ABOUT THIS TASK: Output, exactly as written, the lines below from the one that has "Spartacus stg.1 sangue" through the one that has "#BreaPark | Alien Workshop"; nothing else, and no pictures.

RECORD EXCERPTS:
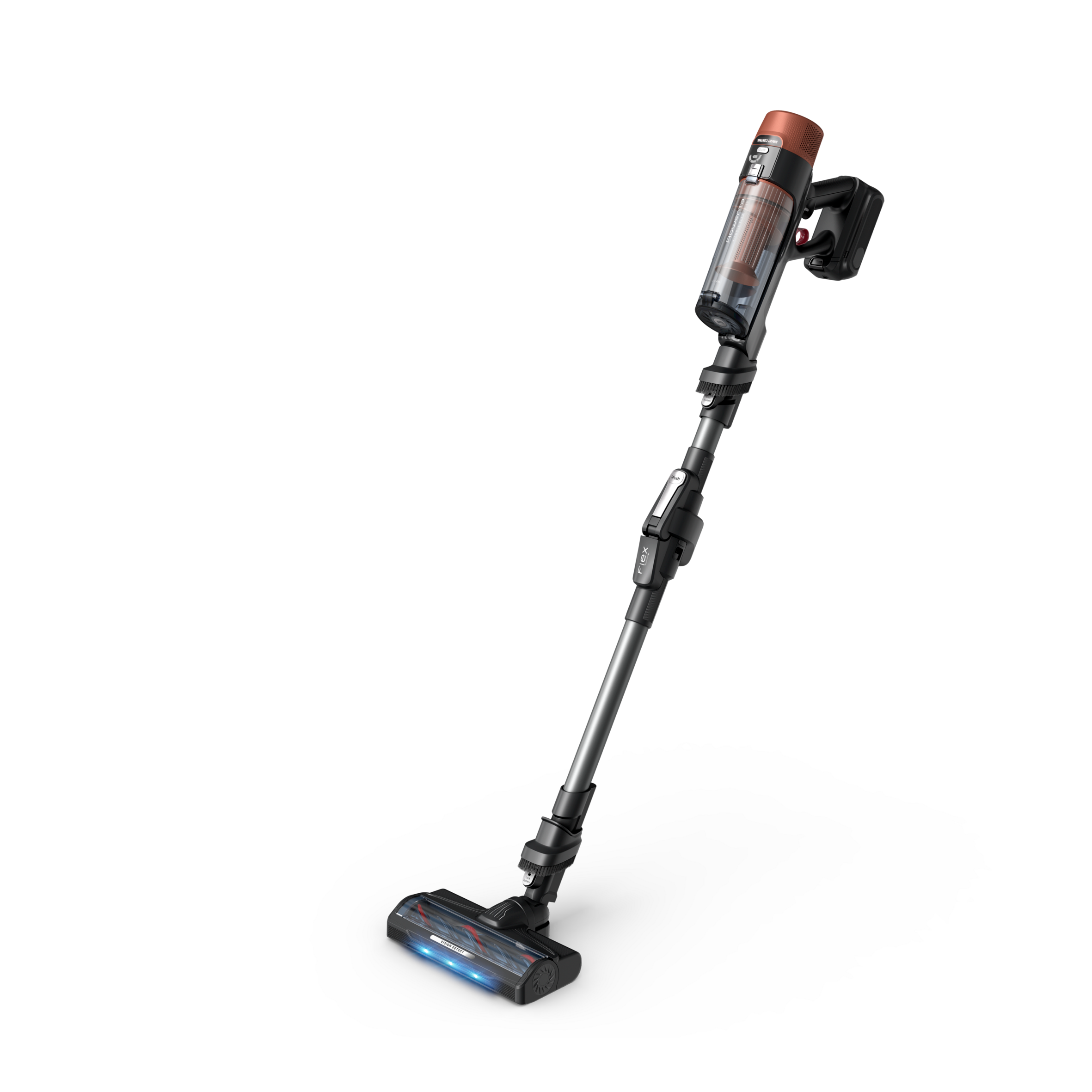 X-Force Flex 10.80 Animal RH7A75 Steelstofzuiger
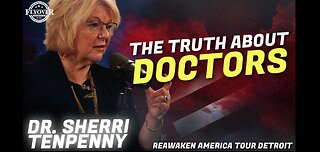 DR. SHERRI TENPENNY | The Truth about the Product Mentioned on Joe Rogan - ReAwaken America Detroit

---

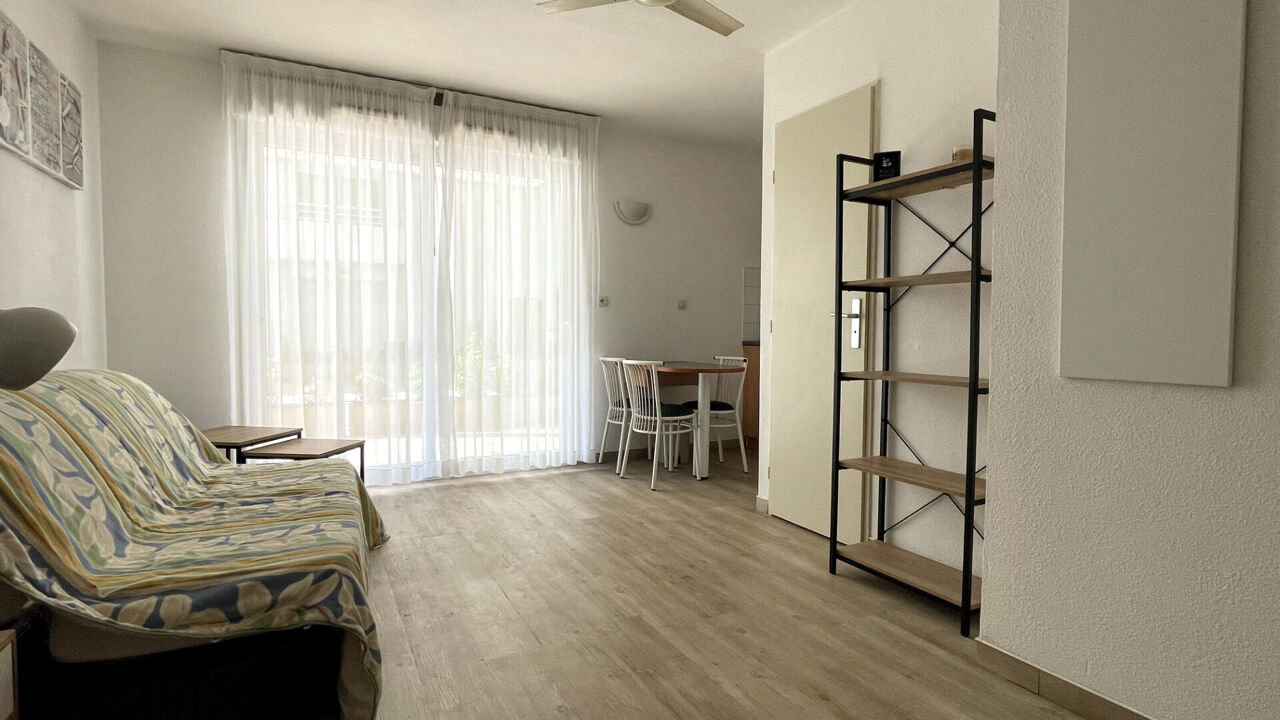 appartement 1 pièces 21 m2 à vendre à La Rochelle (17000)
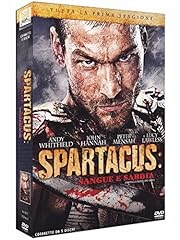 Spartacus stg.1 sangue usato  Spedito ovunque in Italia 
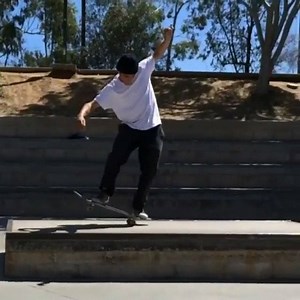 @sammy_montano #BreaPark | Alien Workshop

SOLUTION TO THE PROBLEM:
 Spartacus stg.1 sangue usato  Spedito ovunque in Italia 
 @sammy_montano #BreaPark | Alien Workshop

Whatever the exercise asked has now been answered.